Edit: fix quote tags
it was just a simple use case of the API, not the only way to use it.
Then what would be your solution for a lone stonecrafter on a level with stones that are as far as a ladder to higher and lower levels that are full of stone?
if you have only few items that are very specific then you can easly iterate over them, ask for path length to each and every one of them and this way find the nearest one.
Problem starts when you have hundreds or thousands of items that are exacly the same - then the engine can't easly decide which is nearest (as with our lone stonecrafter).

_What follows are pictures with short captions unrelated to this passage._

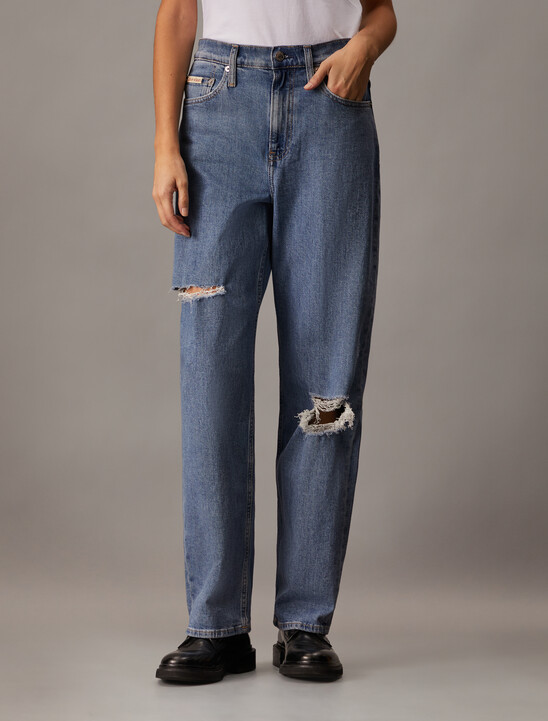 Sustainable Distressed High Rise Loose Jeans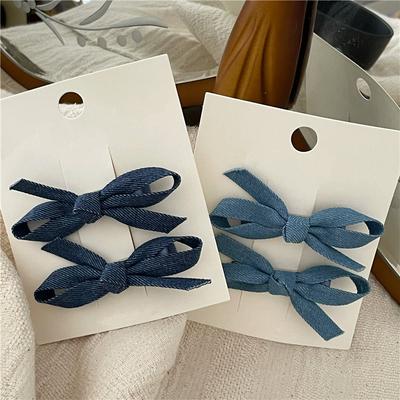 Mode Persönlichkeit Denimblau Stoff Schleife Haarspangen ein Paar Haarspangen Seite Fransen Haar Pony Klemme Schnabelklemme Neu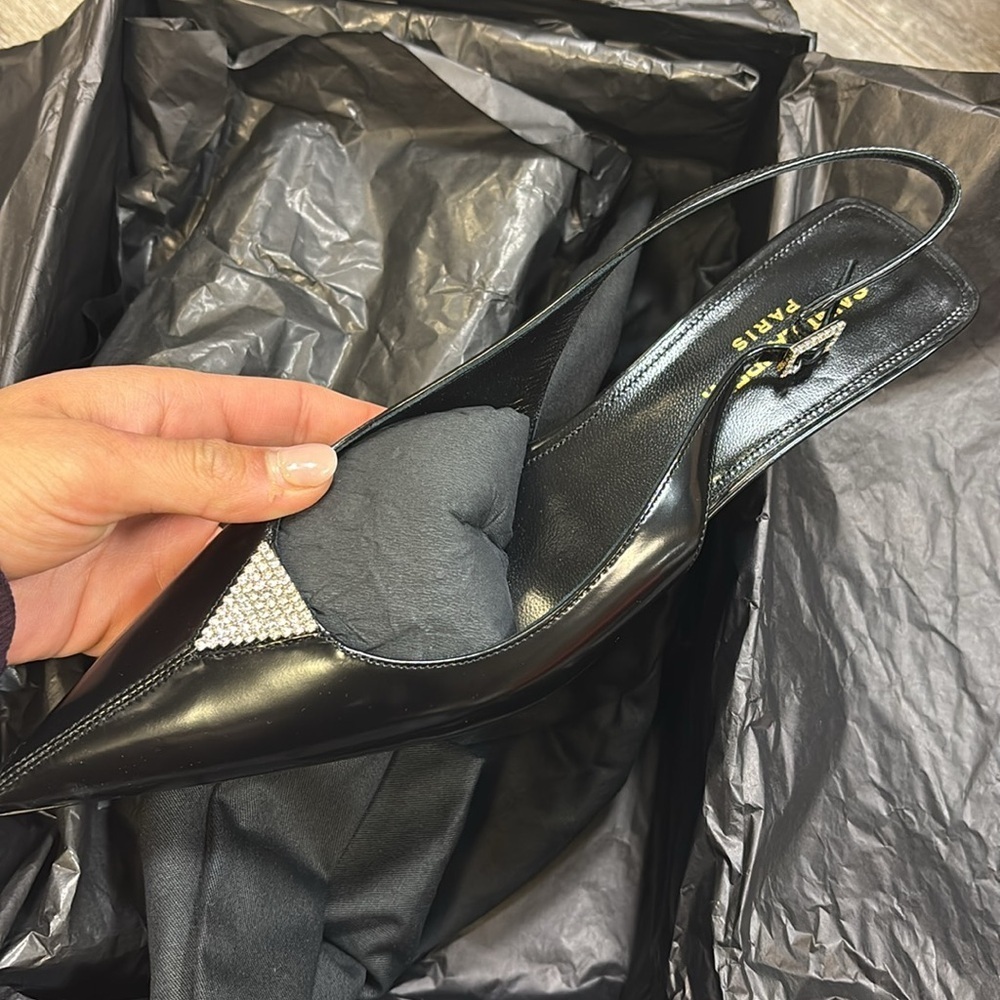 Saint Laurent | Cherish Glazed Leather Rhinestone Slingback, 30mm - Picture 13 of 16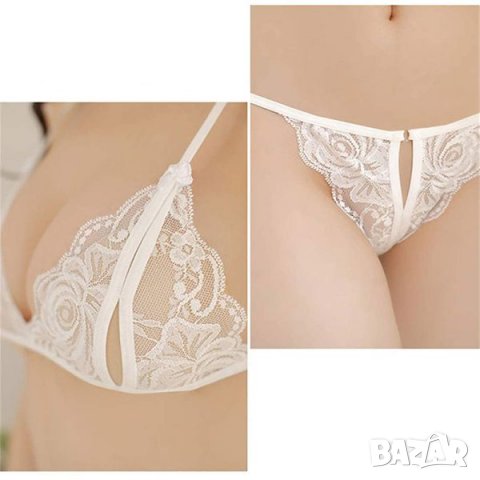 Бяло дамско еротично бельо - сет с отворено дъно, секси бельо - Код: B2071, снимка 4 - Бельо - 35264440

I see what you're getting at, but the scheme you described:
coord_t[3] findID(coord_t[3] starting_point, movement_t bit_mask, int ID);
is not going to work, if ID simply refers to "object type." Maintaining the client-side index would be extremely messy (does a given number refer to enemy goblins, or enemy goblin archers, or all goblin archers? do left-handed redheads get their own ID? what about thrones decorated with platinum but not with steel?) and it would be awkward for the client to request the nearest of an inhomogeneous set of objects.
There's no reason for the pathfinding library to care about object IDs at all. It's much cleaner for the client to simply pass in a set of candidate destination coordinates and for the library to find the nearest of those coordinates and pathfind to it. Obviously the client should first do some trivial pruning of the coordinate set.
As I suggested - that's the interface for stuff that's in the hundreds or thousands, not single items.
For items that are uncommon, a function that takes all coordinates of them and returns the closest one would be better.